Paper Abstract: We introduce our efforts towards building a universal neural machine translation (NMT) system capable of translating between any language pair. We set a milestone towards this goal by building a single massively multilingual NMT model handling 103 languages trained on over 25 billion examples. Our system demonstrates effective transfer learning ability, significantly improving translation quality of low-resource languages, while keeping high-resource language translation quality on-par with competitive bilingual baselines. We provide indepth analysis of various aspects of model building that are crucial to achieving quality and practicality in universal NMT. While we prototype a high-quality universal translation system, our extensive empirical analysis exposes issues that need to be further addressed, and we suggest directions for future research. (arXiv)
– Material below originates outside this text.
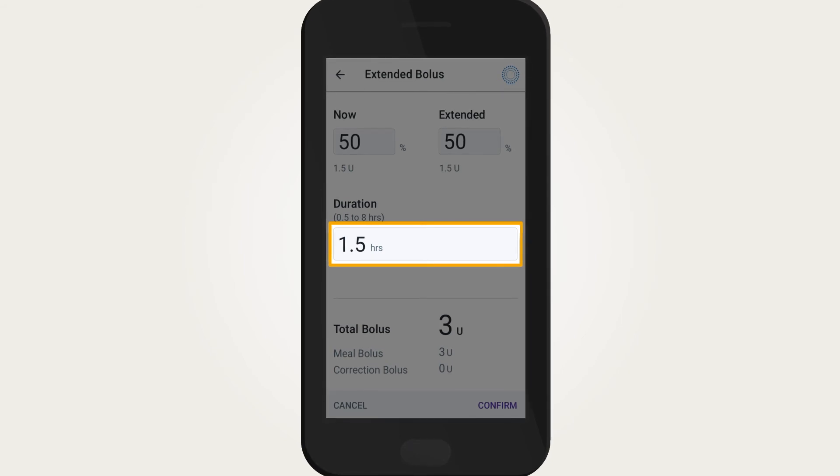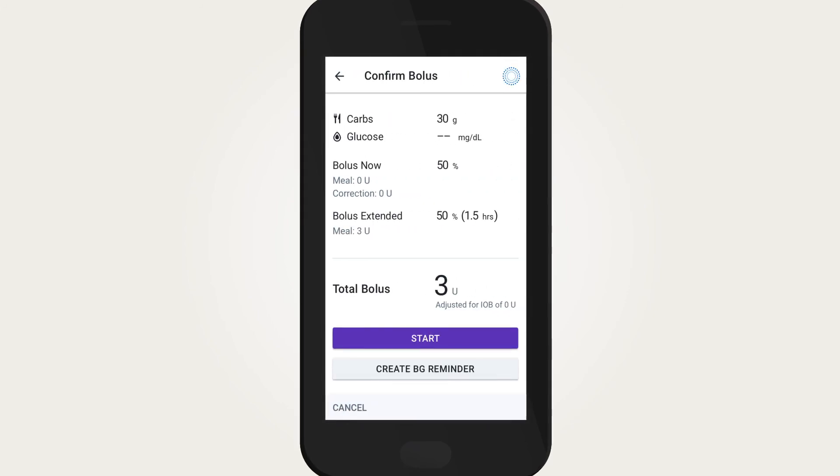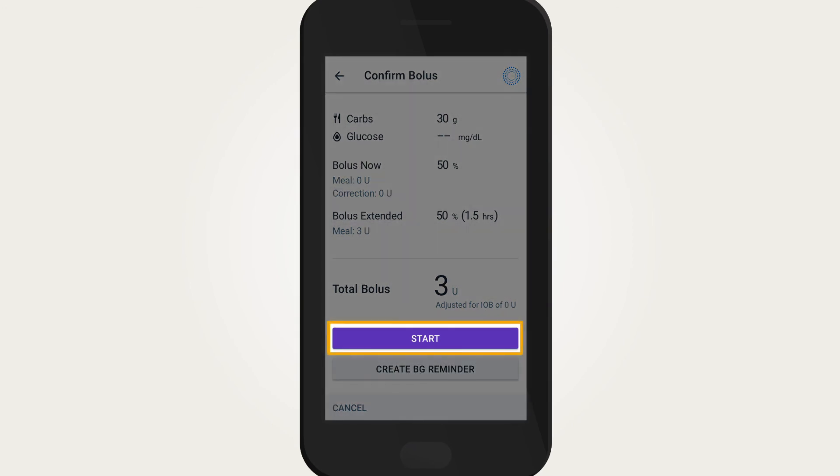Only the meal portion of the bolus can be extended. The correction portion of the bolus, if any, is always delivered immediately. Confirm the final values, then tap Start to begin delivery.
Synced invited Graham Neubig, an Assistant Professor at the Language Technologies Institute of Carnegie Mellon University who works on natural language processing specifically multi-lingual models and natural language interfaces, to share his thoughts on the universal neural machine translation (NMT) system.
How would you describe the universal neural machine translation (NMT) system?
This paper does not propose a new technique for NMT per se. Rather it continues in a line of recent, and in my opinion exciting, work on building machine translation systems that can translate to or from multiple languages in the same model. Specifically, these models work by taking a neural machine translation system, and training it on data from many different languages at the same time. This line of work started out in 2015, and was further popularized by Google’s impressive paper in the space in 2017.
Recently, there has been a move towards “massively multilingual” systems that translate many many languages at one time, including our paper training on 59 languages, and Google’s recent paper training on over 100 languages. The advantages of these systems are two-fold: (1) they can improve accuracy by learning from many different languages, and (2) they can reduce the computational footprint of deploying models by having only one model trained to translate many languages, as opposed to one model per language.
Why does this research matter?
The significance of this new paper is the sheer scale at which they performed experiments, and some of the insights gleaned therefrom. The scale of the data is 25 billion sentences, which is several orders of magnitude larger than previous multilingual models. It is also a realistic reflection of the “actual data” that is available on the web, so any limitations of the translation results achieved therein are not ones that can simply be solved by adding more data, and instead are ones that will require serious research work to solve.
Regarding the insights, some that stood out to me were:
- Figure 1 demonstrates the huge disparities in the amount of data available across languages, with some datasets having as many as 2 billion parallel sentences, and some having as few as 30-50 thousand.
- Figure 2 demonstrates that even with Google-scale resources, languages beyond the top 50 are major problems.
- Figure 3 demonstrates that interestingly, training these large multilingual models is a very effective way to improve translation performance into English, but not exceedingly effective when translating into other languages.
- Other than that, there are a number of insights that may be useful to MT practitioners (e.g. the importance of large models, and the effects of some techniques to select how large to make the model vocabularies).
What impact might this work bring to the field?
I think this is an important data point for translation researchers, as it demonstrates the practical promise and limitations of multilingual translation researchers with practical resource limitations that a large company like Google faces. It demonstrates that some problems can be relatively effectively solved by big data and compute, and some cannot be, and the ones that cannot be will be future directions.
Can you identify any bottlenecks in the research?
There are a couple of limitations in the experimental results. First, it is not clear which points in the figures correspond to which languages, so it is hard to get finer-grained takeaways about which types of languages are benefitting from this type of training. Second, there are no qualitative results or translation examples, only results measured using automatic measures such as BLEU score. Because of this it is hard to tell which of these systems have reached a practical level.
Can you predict any potential future developments related to this research?
I think one thing this paper makes clear is that the problem of low-resource translation has definitely not been solved, particularly translation into low-resource languages. I think this indicates that there will need to be significant work in this area to raise the bar for translation into languages where even Google cannot harvest large datasets.
The paper Massively Multilingual Neural Machine Translation in the Wild: Findings and Challenges is on arXiv.
About Prof. Graham Neubig
Graham Neubig is an assistant professor at the Language Technologies Institute of Carnegie Mellon University. His work focuses on natural language processing, specifically multi-lingual models that work in many different languages, and natural language interfaces that allow humans to communicate with computers in their own language. Much of this work relies on machine learning, and he is also active in developing methods and algorithms for machine learning over natural language data. He publishes regularly in the top venues in natural language processing, machine learning, and speech, and his work occasionally wins awards such as best papers at EMNLP 2016, EACL 2017, and NAACL 2019. He is also active in developing open-source software, and is the main developer of the DyNet neural network toolkit.